The National Hunt jockey Robbie Dunne has been banned for 18 months, three of which have been suspended, after being found guilty of pursuing a campaign of bullying and harassment against his fellow rider, Bryony Frost, at the end of a six-day hearing of the case by the British Horseracing Authority’s independent disciplinary panel in London.

The three-person panel adjourned to consider its verdict on Wednesday and returned on Thursday to tell the rider that it had found him in breach on the most serious charge against him, that he had engaged in “conduct prejudicial to the integrity, proper conduct and good reputation of horse racing by bullying and harassing a fellow jockey”.
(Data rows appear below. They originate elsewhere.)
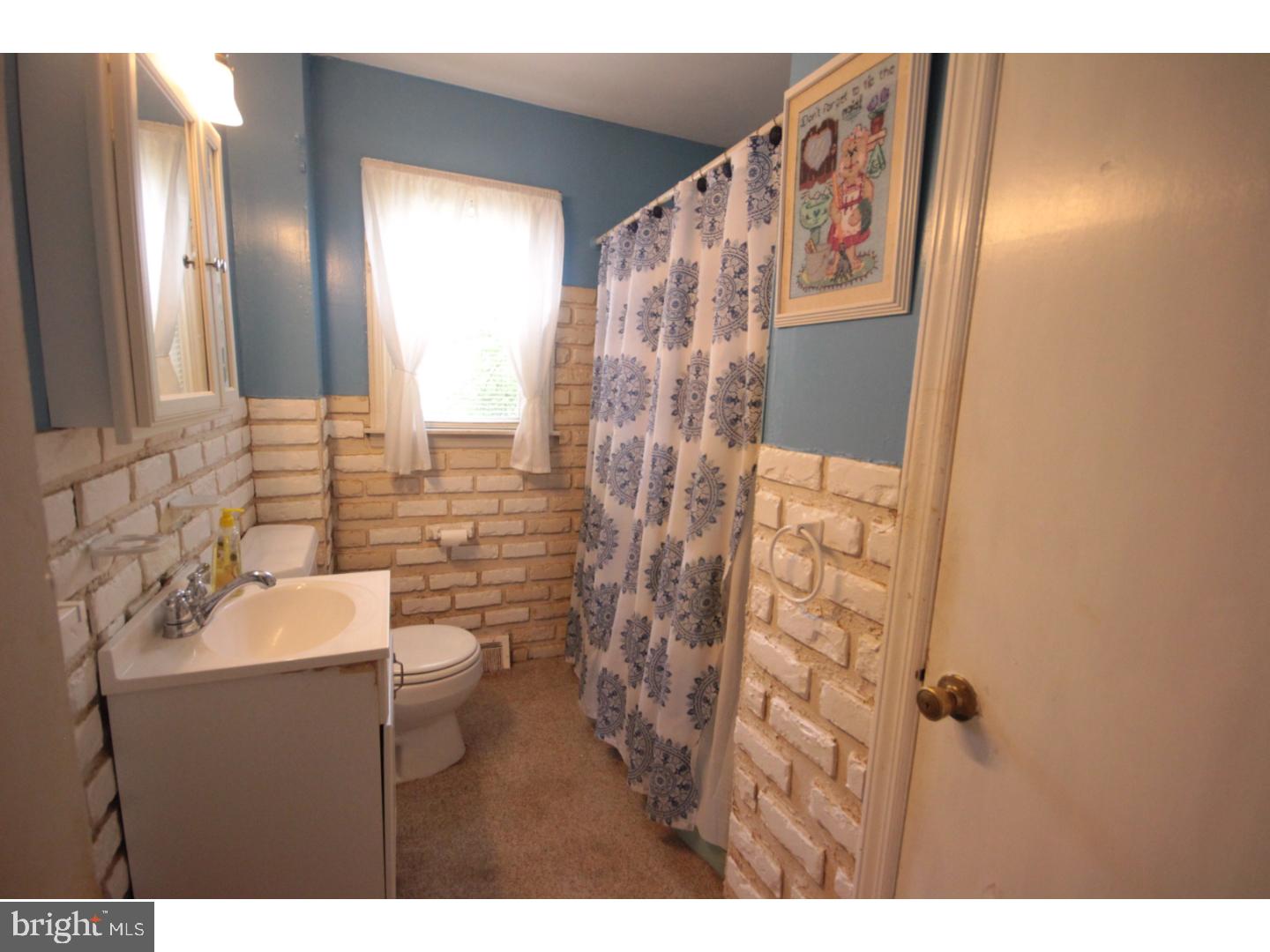 302 Wynnewood Road Ewing, NJ 08628 - Photo 8 of 15 Bathroom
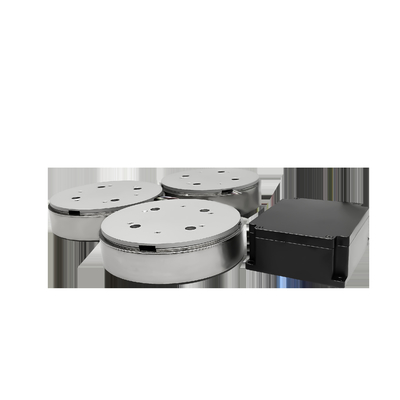 Geavanceerde navigatiegraad TDFG120T Glasvezel Gyroscoop 0.003°/h nauwkeurigheid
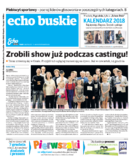 Echo Buskie
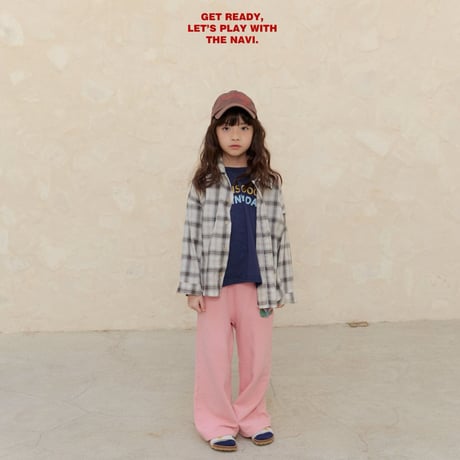 navi/29. cloi shirt S-XL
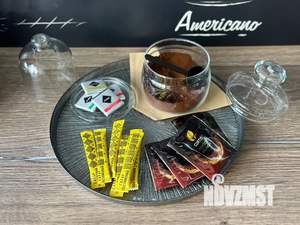 Студия квартира, посуточно, 35м2, 6/14 этаж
Brian Barker, the panel’s chair, told Dunne that its conclusion was that “a course of deliberate conduct over a significant period of time has been revealed”.

He added: “This progressed from distasteful targeting to deliberate harassment both on and off the course, including occasional cases of dangerous bullying [on the course].”

Barker commended Frost as a “truthful, careful and compelling” witness, and said that in taking her complaint to the BHA, “she has broken the [weighing room] code, knowing that isolation and rejection by some was inevitable”.

The panel, he continued, acknowledged that Mr Dunne believed after a race at Southwell on 3 September 2020 that Frost’s riding was had caused the death of his mount, Cillian’s Well. However, he said that panel had been “unable to accept his sweep of denials, criticisms [of Frost] and his reasoning”, pointing out that Gavin Sheehan, who gave evidence on Dunne’s behalf, had described him as a “piss-taker”, and that Dunne saw himself as “one of the elders of the weighing room and someone who expected his view to be heeded.”

Barker also suggested clearly that the panel’s finding raises questions that both the BHA and Professional Jockeys’ Association will need to address.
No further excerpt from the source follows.